→ **What to produce**: Copy out the records so that each line matches the original.
Top of Supplied data
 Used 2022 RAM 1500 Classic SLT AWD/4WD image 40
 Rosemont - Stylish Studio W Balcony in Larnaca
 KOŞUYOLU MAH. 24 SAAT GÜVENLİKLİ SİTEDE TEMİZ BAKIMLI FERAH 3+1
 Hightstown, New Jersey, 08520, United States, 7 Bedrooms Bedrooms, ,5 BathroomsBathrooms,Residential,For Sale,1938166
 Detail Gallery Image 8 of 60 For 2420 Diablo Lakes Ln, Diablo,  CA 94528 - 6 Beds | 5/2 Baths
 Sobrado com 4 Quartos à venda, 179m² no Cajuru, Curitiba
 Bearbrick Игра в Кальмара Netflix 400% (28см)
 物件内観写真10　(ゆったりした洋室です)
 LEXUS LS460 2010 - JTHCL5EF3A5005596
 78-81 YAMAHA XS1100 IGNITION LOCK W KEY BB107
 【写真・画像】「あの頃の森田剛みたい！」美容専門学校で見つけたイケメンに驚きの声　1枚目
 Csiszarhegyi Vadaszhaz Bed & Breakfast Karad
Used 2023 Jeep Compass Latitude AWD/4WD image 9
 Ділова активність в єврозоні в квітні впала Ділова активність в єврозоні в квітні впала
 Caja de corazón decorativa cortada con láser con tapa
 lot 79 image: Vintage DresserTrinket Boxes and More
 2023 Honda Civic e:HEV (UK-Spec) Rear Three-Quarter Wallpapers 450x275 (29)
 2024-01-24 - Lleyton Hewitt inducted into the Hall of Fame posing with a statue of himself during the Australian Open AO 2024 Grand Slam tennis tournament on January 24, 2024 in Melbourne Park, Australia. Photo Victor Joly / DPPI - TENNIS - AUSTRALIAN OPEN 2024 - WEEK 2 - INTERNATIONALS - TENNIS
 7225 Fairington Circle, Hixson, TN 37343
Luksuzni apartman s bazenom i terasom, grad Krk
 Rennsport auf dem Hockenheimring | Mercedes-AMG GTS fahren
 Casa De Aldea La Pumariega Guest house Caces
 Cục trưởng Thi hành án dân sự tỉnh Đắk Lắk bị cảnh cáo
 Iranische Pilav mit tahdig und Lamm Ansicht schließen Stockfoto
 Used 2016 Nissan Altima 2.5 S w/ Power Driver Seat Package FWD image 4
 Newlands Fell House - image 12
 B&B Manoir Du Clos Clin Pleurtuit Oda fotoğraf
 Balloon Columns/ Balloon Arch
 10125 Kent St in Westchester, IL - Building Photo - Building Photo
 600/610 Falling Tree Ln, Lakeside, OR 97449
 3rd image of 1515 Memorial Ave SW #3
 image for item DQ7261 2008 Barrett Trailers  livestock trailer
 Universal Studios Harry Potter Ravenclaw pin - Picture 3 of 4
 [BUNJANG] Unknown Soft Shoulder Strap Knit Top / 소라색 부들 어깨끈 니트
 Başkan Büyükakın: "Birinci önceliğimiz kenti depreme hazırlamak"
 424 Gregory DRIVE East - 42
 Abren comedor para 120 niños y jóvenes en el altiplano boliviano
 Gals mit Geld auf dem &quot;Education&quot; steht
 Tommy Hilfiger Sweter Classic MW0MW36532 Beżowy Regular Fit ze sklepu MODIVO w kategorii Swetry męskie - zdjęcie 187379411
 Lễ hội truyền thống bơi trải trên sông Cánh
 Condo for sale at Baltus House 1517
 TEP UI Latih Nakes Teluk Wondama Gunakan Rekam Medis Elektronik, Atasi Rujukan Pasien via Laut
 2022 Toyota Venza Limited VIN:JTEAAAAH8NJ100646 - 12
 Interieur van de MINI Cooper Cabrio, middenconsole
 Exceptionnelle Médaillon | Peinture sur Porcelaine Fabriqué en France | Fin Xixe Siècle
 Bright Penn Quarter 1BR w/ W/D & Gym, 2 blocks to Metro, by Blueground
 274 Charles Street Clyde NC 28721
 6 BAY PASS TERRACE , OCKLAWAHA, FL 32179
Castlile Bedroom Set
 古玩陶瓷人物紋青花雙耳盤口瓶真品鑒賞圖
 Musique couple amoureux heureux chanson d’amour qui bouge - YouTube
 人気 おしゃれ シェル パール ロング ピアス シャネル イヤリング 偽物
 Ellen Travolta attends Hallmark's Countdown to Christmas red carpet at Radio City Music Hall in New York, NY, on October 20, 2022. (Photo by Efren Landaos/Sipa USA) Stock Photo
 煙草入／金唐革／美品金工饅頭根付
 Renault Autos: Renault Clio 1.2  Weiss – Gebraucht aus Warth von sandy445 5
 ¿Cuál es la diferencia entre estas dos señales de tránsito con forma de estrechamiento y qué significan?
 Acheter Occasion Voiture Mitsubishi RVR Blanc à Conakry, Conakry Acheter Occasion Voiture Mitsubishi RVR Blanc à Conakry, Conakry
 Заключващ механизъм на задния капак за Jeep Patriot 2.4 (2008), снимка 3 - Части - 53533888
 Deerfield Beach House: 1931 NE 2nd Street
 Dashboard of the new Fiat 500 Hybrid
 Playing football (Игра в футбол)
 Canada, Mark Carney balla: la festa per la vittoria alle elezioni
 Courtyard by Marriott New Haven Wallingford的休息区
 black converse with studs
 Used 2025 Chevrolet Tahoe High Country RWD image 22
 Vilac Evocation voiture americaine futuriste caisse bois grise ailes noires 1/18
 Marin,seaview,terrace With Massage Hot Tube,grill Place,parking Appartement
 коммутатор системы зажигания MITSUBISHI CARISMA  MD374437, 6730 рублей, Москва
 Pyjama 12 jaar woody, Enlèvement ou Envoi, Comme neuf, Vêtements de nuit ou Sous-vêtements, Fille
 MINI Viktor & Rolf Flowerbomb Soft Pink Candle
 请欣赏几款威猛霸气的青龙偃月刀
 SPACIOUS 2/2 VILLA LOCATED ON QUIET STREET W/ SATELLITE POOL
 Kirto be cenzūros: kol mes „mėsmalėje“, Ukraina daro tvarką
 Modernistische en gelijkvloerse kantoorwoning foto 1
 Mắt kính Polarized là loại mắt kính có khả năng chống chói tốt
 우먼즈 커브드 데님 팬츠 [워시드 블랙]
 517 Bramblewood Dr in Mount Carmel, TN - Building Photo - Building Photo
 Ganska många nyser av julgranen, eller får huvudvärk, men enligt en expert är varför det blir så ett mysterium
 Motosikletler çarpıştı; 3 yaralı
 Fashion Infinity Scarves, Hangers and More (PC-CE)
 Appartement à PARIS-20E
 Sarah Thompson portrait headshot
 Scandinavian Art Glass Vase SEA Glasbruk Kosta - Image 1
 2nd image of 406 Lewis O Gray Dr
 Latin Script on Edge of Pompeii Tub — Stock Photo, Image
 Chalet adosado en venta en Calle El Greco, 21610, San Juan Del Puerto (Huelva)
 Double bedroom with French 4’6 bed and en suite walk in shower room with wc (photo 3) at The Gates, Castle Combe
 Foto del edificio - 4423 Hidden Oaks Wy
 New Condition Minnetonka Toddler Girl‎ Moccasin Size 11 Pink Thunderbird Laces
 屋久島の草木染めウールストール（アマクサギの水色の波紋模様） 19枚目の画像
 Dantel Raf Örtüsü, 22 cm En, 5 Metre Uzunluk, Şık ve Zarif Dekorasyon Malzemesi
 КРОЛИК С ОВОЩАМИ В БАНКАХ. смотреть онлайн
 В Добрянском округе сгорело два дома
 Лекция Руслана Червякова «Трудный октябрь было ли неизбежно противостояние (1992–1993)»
Bottom of Supplied data
→ **Worked solution**:
 Used 2022 RAM 1500 Classic SLT AWD/4WD image 40
 Rosemont - Stylish Studio W Balcony in Larnaca
 KOŞUYOLU MAH. 24 SAAT GÜVENLİKLİ SİTEDE TEMİZ BAKIMLI FERAH 3+1
 Hightstown, New Jersey, 08520, United States, 7 Bedrooms Bedrooms, ,5 BathroomsBathrooms,Residential,For Sale,1938166
 Detail Gallery Image 8 of 60 For 2420 Diablo Lakes Ln, Diablo,  CA 94528 - 6 Beds | 5/2 Baths
 Sobrado com 4 Quartos à venda, 179m² no Cajuru, Curitiba
 Bearbrick Игра в Кальмара Netflix 400% (28см)
 物件内観写真10　(ゆったりした洋室です)
 LEXUS LS460 2010 - JTHCL5EF3A5005596
 78-81 YAMAHA XS1100 IGNITION LOCK W KEY BB107
 【写真・画像】「あの頃の森田剛みたい！」美容専門学校で見つけたイケメンに驚きの声　1枚目
 Csiszarhegyi Vadaszhaz Bed & Breakfast Karad
Used 2023 Jeep Compass Latitude AWD/4WD image 9
 Ділова активність в єврозоні в квітні впала Ділова активність в єврозоні в квітні впала
 Caja de corazón decorativa cortada con láser con tapa
 lot 79 image: Vintage DresserTrinket Boxes and More
 2023 Honda Civic e:HEV (UK-Spec) Rear Three-Quarter Wallpapers 450x275 (29)
 2024-01-24 - Lleyton Hewitt inducted into the Hall of Fame posing with a statue of himself during the Australian Open AO 2024 Grand Slam tennis tournament on January 24, 2024 in Melbourne Park, Australia. Photo Victor Joly / DPPI - TENNIS - AUSTRALIAN OPEN 2024 - WEEK 2 - INTERNATIONALS - TENNIS
 7225 Fairington Circle, Hixson, TN 37343
Luksuzni apartman s bazenom i terasom, grad Krk
 Rennsport auf dem Hockenheimring | Mercedes-AMG GTS fahren
 Casa De Aldea La Pumariega Guest house Caces
 Cục trưởng Thi hành án dân sự tỉnh Đắk Lắk bị cảnh cáo
 Iranische Pilav mit tahdig und Lamm Ansicht schließen Stockfoto
 Used 2016 Nissan Altima 2.5 S w/ Power Driver Seat Package FWD image 4
 Newlands Fell House - image 12
 B&B Manoir Du Clos Clin Pleurtuit Oda fotoğraf
 Balloon Columns/ Balloon Arch
 10125 Kent St in Westchester, IL - Building Photo - Building Photo
 600/610 Falling Tree Ln, Lakeside, OR 97449
 3rd image of 1515 Memorial Ave SW #3
 image for item DQ7261 2008 Barrett Trailers  livestock trailer
 Universal Studios Harry Potter Ravenclaw pin - Picture 3 of 4
 [BUNJANG] Unknown Soft Shoulder Strap Knit Top / 소라색 부들 어깨끈 니트
 Başkan Büyükakın: "Birinci önceliğimiz kenti depreme hazırlamak"
 424 Gregory DRIVE East - 42
 Abren comedor para 120 niños y jóvenes en el altiplano boliviano
 Gals mit Geld auf dem &quot;Education&quot; steht
 Tommy Hilfiger Sweter Classic MW0MW36532 Beżowy Regular Fit ze sklepu MODIVO w kategorii Swetry męskie - zdjęcie 187379411
 Lễ hội truyền thống bơi trải trên sông Cánh
 Condo for sale at Baltus House 1517
 TEP UI Latih Nakes Teluk Wondama Gunakan Rekam Medis Elektronik, Atasi Rujukan Pasien via Laut
 2022 Toyota Venza Limited VIN:JTEAAAAH8NJ100646 - 12
 Interieur van de MINI Cooper Cabrio, middenconsole
 Exceptionnelle Médaillon | Peinture sur Porcelaine Fabriqué en France | Fin Xixe Siècle
 Bright Penn Quarter 1BR w/ W/D & Gym, 2 blocks to Metro, by Blueground
 274 Charles Street Clyde NC 28721
 6 BAY PASS TERRACE , OCKLAWAHA, FL 32179
Castlile Bedroom Set
 古玩陶瓷人物紋青花雙耳盤口瓶真品鑒賞圖
 Musique couple amoureux heureux chanson d’amour qui bouge - YouTube
 人気 おしゃれ シェル パール ロング ピアス シャネル イヤリング 偽物
 Ellen Travolta attends Hallmark's Countdown to Christmas red carpet at Radio City Music Hall in New York, NY, on October 20, 2022. (Photo by Efren Landaos/Sipa USA) Stock Photo
 煙草入／金唐革／美品金工饅頭根付
 Renault Autos: Renault Clio 1.2  Weiss – Gebraucht aus Warth von sandy445 5
 ¿Cuál es la diferencia entre estas dos señales de tránsito con forma de estrechamiento y qué significan?
 Acheter Occasion Voiture Mitsubishi RVR Blanc à Conakry, Conakry Acheter Occasion Voiture Mitsubishi RVR Blanc à Conakry, Conakry
 Заключващ механизъм на задния капак за Jeep Patriot 2.4 (2008), снимка 3 - Части - 53533888
 Deerfield Beach House: 1931 NE 2nd Street
 Dashboard of the new Fiat 500 Hybrid
 Playing football (Игра в футбол)
 Canada, Mark Carney balla: la festa per la vittoria alle elezioni
 Courtyard by Marriott New Haven Wallingford的休息区
 black converse with studs
 Used 2025 Chevrolet Tahoe High Country RWD image 22
 Vilac Evocation voiture americaine futuriste caisse bois grise ailes noires 1/18
 Marin,seaview,terrace With Massage Hot Tube,grill Place,parking Appartement
 коммутатор системы зажигания MITSUBISHI CARISMA  MD374437, 6730 рублей, Москва
 Pyjama 12 jaar woody, Enlèvement ou Envoi, Comme neuf, Vêtements de nuit ou Sous-vêtements, Fille
 MINI Viktor & Rolf Flowerbomb Soft Pink Candle
 请欣赏几款威猛霸气的青龙偃月刀
 SPACIOUS 2/2 VILLA LOCATED ON QUIET STREET W/ SATELLITE POOL
 Kirto be cenzūros: kol mes „mėsmalėje“, Ukraina daro tvarką
 Modernistische en gelijkvloerse kantoorwoning foto 1
 Mắt kính Polarized là loại mắt kính có khả năng chống chói tốt
 우먼즈 커브드 데님 팬츠 [워시드 블랙]
 517 Bramblewood Dr in Mount Carmel, TN - Building Photo - Building Photo
 Ganska många nyser av julgranen, eller får huvudvärk, men enligt en expert är varför det blir så ett mysterium
 Motosikletler çarpıştı; 3 yaralı
 Fashion Infinity Scarves, Hangers and More (PC-CE)
 Appartement à PARIS-20E
 Sarah Thompson portrait headshot
 Scandinavian Art Glass Vase SEA Glasbruk Kosta - Image 1
 2nd image of 406 Lewis O Gray Dr
 Latin Script on Edge of Pompeii Tub — Stock Photo, Image
 Chalet adosado en venta en Calle El Greco, 21610, San Juan Del Puerto (Huelva)
 Double bedroom with French 4’6 bed and en suite walk in shower room with wc (photo 3) at The Gates, Castle Combe
 Foto del edificio - 4423 Hidden Oaks Wy
 New Condition Minnetonka Toddler Girl‎ Moccasin Size 11 Pink Thunderbird Laces
 屋久島の草木染めウールストール（アマクサギの水色の波紋模様） 19枚目の画像
 Dantel Raf Örtüsü, 22 cm En, 5 Metre Uzunluk, Şık ve Zarif Dekorasyon Malzemesi
 КРОЛИК С ОВОЩАМИ В БАНКАХ. смотреть онлайн
 В Добрянском округе сгорело два дома
 Лекция Руслана Червякова «Трудный октябрь было ли неизбежно противостояние (1992–1993)»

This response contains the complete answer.